# Yellow river, beetle spinning



## jcoss15 (Oct 11, 2010)

Went this morning to the river planning to throw a beetle spin and maybe cast a little for bass. Right off the bat I caught a big jack on the beetle spin on my light spinning gear which was fun, then I started catching bream and small bass. I caught probably 20-25 bream of various sizes but nothing real big, several small bass, and another jack. They were hitting the chartreuse beetle spin pretty good. I also caught 2 keeper bass on brush hog and worm. I really like catching bream on artificial's, and they seem to be hitting them good now, but I think it needs to warm up more before the big bream start hitting them better.


----------



## jcoss15 (Oct 11, 2010)

One at a time..


----------



## jcoss15 (Oct 11, 2010)

...


----------



## jcoss15 (Oct 11, 2010)

Bass


----------



## jcoss15 (Oct 11, 2010)

Last one I promise!


----------



## GROUPERKING (Sep 28, 2011)

A good morning, I love catching bream on beatle spins, and It's been too long since I've done it.


----------



## Try'n Hard (Oct 23, 2008)

Great catch. Wonderful pics! I have developed a love affair with the roadrunner jig. That's gotta work just as good as a beetlespin. Looking forward to summer!!


----------



## Spoolin Up (May 3, 2011)

What size was the beetle?

Sent from my XT1585 using Tapatalk


----------



## Cousin-it (Apr 10, 2012)

That's what it's all about catching and having fun :thumbsup::thumbsup:


----------



## billyb (Aug 22, 2012)

Did you fish in the main river or in a slough? Never thought about using a beetlespin.


----------



## lees way2 (Oct 7, 2007)

I hope ya kept all them bream. If I ever tried to throw one back my mom would have a fit,she loves her some fly bream.


----------



## jcoss15 (Oct 11, 2010)

I was using a 1/8 oz beetle spin, fishing the main river, and yes I threw everything back.

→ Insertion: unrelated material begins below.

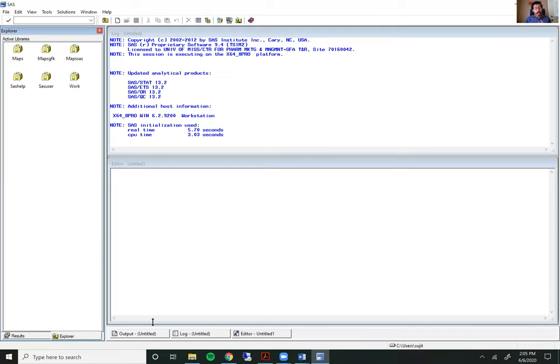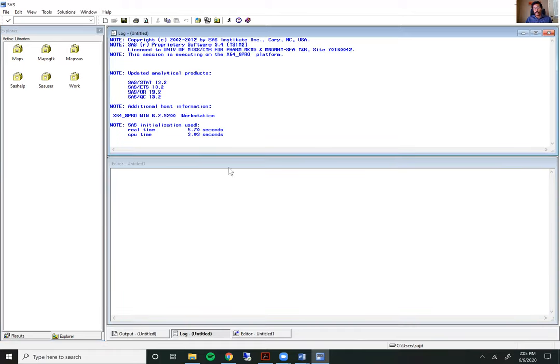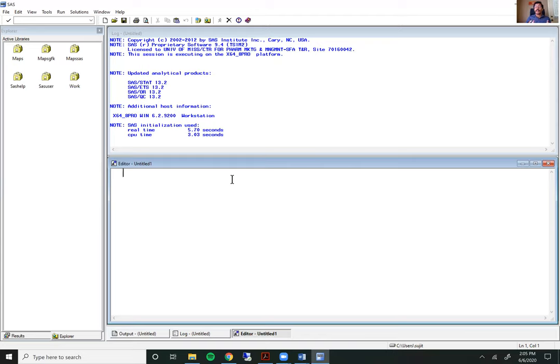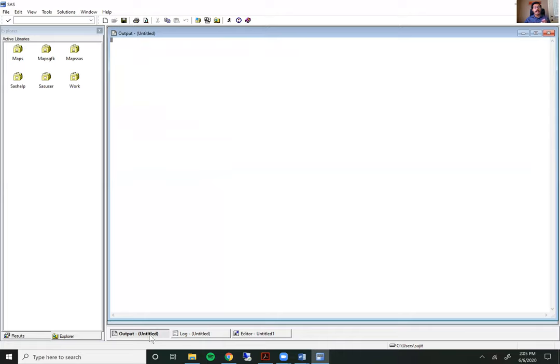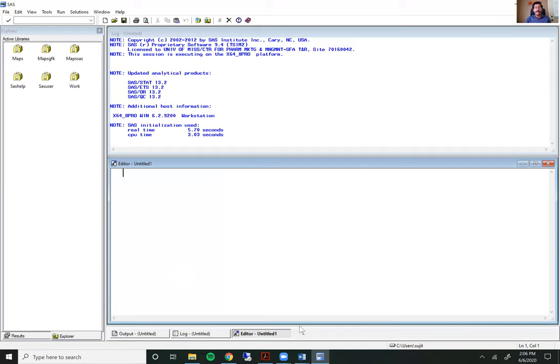Besides these three there is also an output window which is located right down here on the taskbar. The taskbar gives you access not just to the output window but also to the editor and the log windows. If you have multiple editors open, you will see them right down here next to the editor window. The output window is SaaS's old school version of showing how results look like. These days the output window is not the default setting for SaaS results. Any procedures in SaaS that have an output associated with them are automatically opened in an HTML format.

I make up all my spins, I like a pink or chartreuse 1/8 oz head, with a chartreuse grub and gold spinner. This combo has always been good for me on YR and BW...


----------



## sureicanfish (Sep 30, 2007)

Nice! I've got several beetles I've been wanting to try, reckon I will!


----------



## Jason (Oct 2, 2007)

Purty little bream!!! Even got a nominee to my foot thread!!!


----------



## Bodupp (Oct 3, 2007)

*Flier?*

That first bream pic - is that what they call a Flier? If it is, it's a BIG ONE!


----------



## Try'n Hard (Oct 23, 2008)

I call the first one a pumpkinseed - the second a red belly - probably not correct, just me


----------



## jcoss15 (Oct 11, 2010)

First one is a stumpknocker or spotted sunfish, second is red belly. Both are killer flathead bait!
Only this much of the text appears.